• [EXERCISE OBJECTIVE]
The answer is to consist only of an exact retyping of the lines from the one containing "Drone shot of" to the end of the entries, without pictures.

• [RECORDS TO USE]
=-=-=
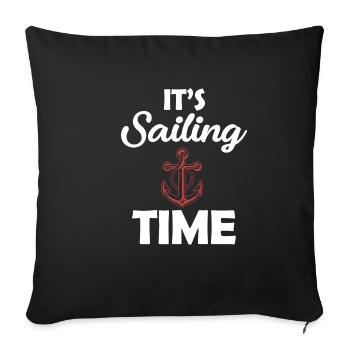 C’est l’heure de la navigation, du yachting, du bateau ponton, du nauti, du marin - Housse de coussin décorative 45 x 45 cm - noir - Devant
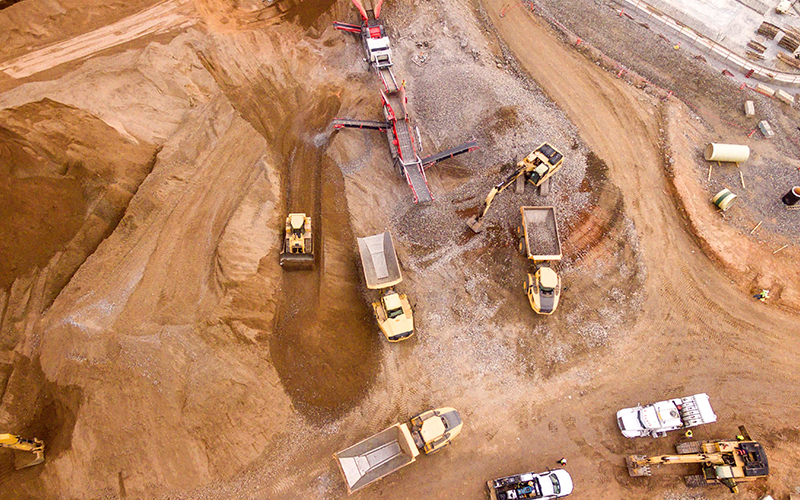 Drone shot of large construction area in Atlanta, Georgia.
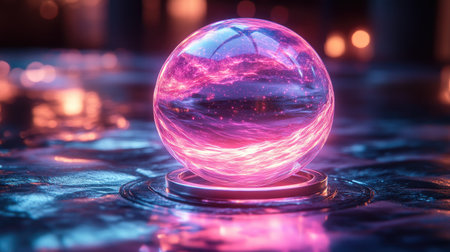 A luminous crystal ball sits on a reflective surface, its interior filled with swirling pink and purple colors. The composition features soft lighting and a blurred background suggesting an indoor setting. This image could be used for various commercial projects related to fantasy, spirituality, or artistic concepts.の素材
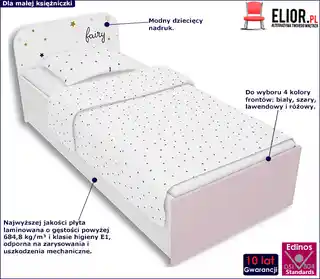 Elior Biało-lawendowe łóżko dziecięce 90x200 Fixo 9X- 2 kolory
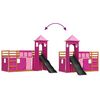 vidaXL Bunk Bed without Mattress with Slide and Curtains Pink 90x200 cm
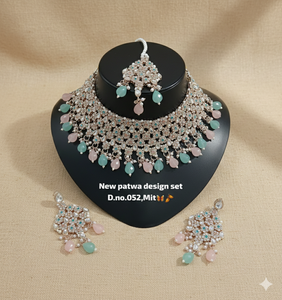 Rose Gold Plated Ethnic Cubic Zircon Crystal Dangle Drop Choker Wedding Party Necklace and Earring Set for Women - Product Image 5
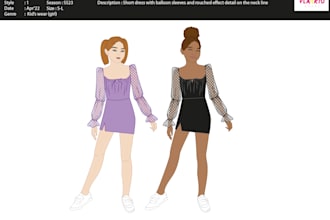 do stunning kidswear fashion illustration and technical drawing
=-=-=
• [TASK SOLUTION]
 Drone shot of large construction area in Atlanta, Georgia.
 A luminous crystal ball sits on a reflective surface, its interior filled with swirling pink and purple colors. The composition features soft lighting and a blurred background suggesting an indoor setting. This image could be used for various commercial projects related to fantasy, spirituality, or artistic concepts.の素材
 Elior Biało-lawendowe łóżko dziecięce 90x200 Fixo 9X- 2 kolory
 vidaXL Bunk Bed without Mattress with Slide and Curtains Pink 90x200 cm
 Rose Gold Plated Ethnic Cubic Zircon Crystal Dangle Drop Choker Wedding Party Necklace and Earring Set for Women - Product Image 5
 do stunning kidswear fashion illustration and technical drawing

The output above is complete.